━━━━━ Study material ━━━━━

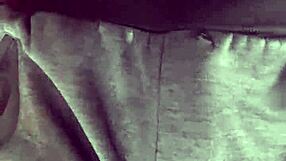 Gaste85在卧室里尿尿。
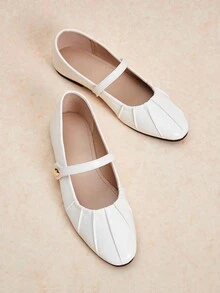 Rosivie 2025 Sommer Neue Französische Quadratische Zehenform Vielseitige Schwarze Cut Out Gewebte Flache Damen Schuhe Mit Niedriger, Atmungsaktiv Und Bequem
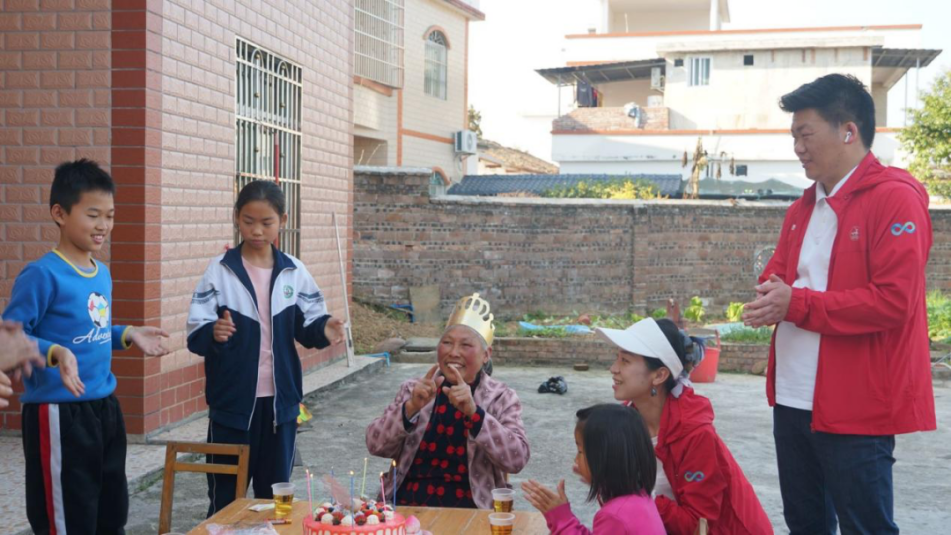 志愿者们陪伴老人过生日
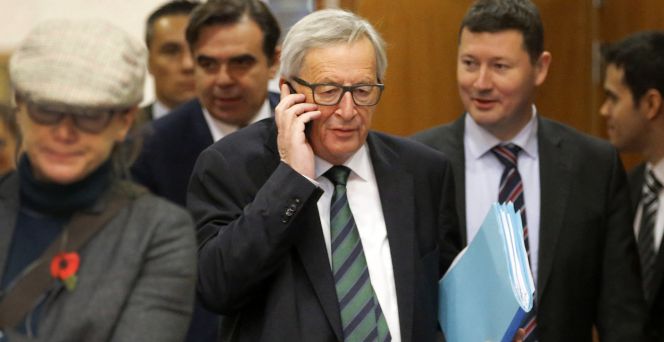 El presidente de la Comisión Europea, Jean-Claude Juncker (c), habla por teléfono móvil a su llegada a la reunión semanal del Colegio de comisarios europeos en Bruselas (Bélgica).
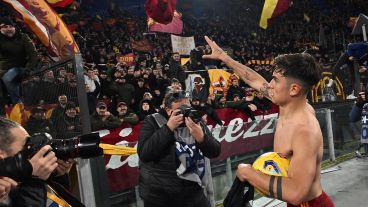 Paulo regaló su camiseta a los tifosi tras el partido.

━━━━━

### [Task to complete]
Starting at the line that contains "El presidente de", write out every line through the end of the entries, both ends included, without any pictures.

### [Answer below]
 El presidente de la Comisión Europea, Jean-Claude Juncker (c), habla por teléfono móvil a su llegada a la reunión semanal del Colegio de comisarios europeos en Bruselas (Bélgica).
 Paulo regaló su camiseta a los tifosi tras el partido.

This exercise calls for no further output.